SEB: Deloitte/SEB CFO Survey - Conditions remain tough with decreasing optimism going forward
The Deloitte/SEB CFO Survey concludes that companies expect a weakening sentiment and harder times to come; however companies are yet not there. Furthermore, 25% of the companies surveyed have performed some kind of stress test regarding a situation where the Euro does not exist in its present form. Less than 10% have adapted their operations to such a situation. The survey also shows that companies have overestimated the EUR/SEK ratio, i.e. the krona has strengthened more than expected and companies have underestimated the pace of the strengthening. The index came in at a lower level than in the February survey and is also lower than in the same period last year. The Swedish CFO index is now seen at 48.3, down from 50.5 in February.
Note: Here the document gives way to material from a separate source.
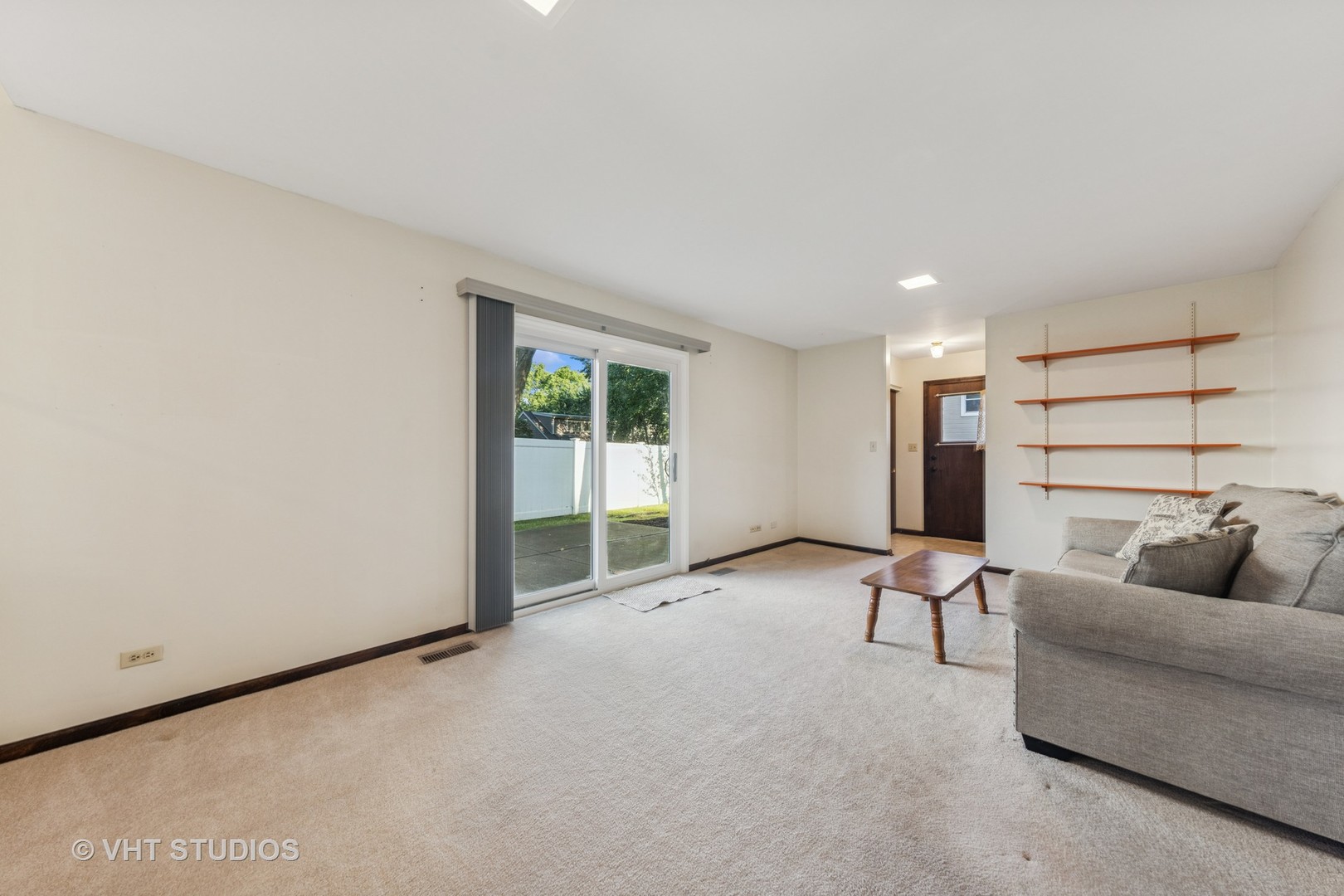 353 Berry Drive, Naperville, IL 60540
Few have adapted their operations to a situation where the Euro does not exist in its present form
"We were interested in wether companies had performed some kind of stress test regarding a situation where the Euro does not exist in its present form. It turned out that one out of four of the respondents in fact have performed such a stress test. However, less than 10% have adapted their operations to a situation where the Euro does not exist in its present form. A possible interpretation would be that the companies assign a low probability to such a scenario, or that adapting operations to a situation where the Euro does not exist in its present form is too costly or impossible. Taking a pessimistic view on this from a different angel, one might interpret this as 90% or more are not prepared for such a scenario", says Johan Lindgren, Credit Strategist, SEB.
Companies budgeted for weaker krona
"According to the survey, companies have in general budgeted for a krona weaker than the actual 2012 level. Already in 2011, the krona was forecasted to strengthen against the Euro. Apparently, companies did not budget for such a strengthening and underestimated the pace at which the krona strengthened. Export-oriented companies with such a mismatch have likely taken losses", Lindgren says.
Increasing financial investments
"Companies are still investing, however an increasing number of companies invest financially rather than strategically and more than 50% would use a cash surplus to pay down debt. Investing financially rather than strategically corresponds with the company reports presented earlier this year. Companies are apparently on hold. Paying down debt is still highly prioritized", Lindgren says.
Possible further cuts in the number of employees
"The companies expect the number of employees in Sweden to remain the same or decrease, however it is likely that it will vary over sectors and industries. This is in line with unemployment figures and 44% believe that the number of employees will decrease whereas 51% believe that the number will be unchanged", Lindgren says.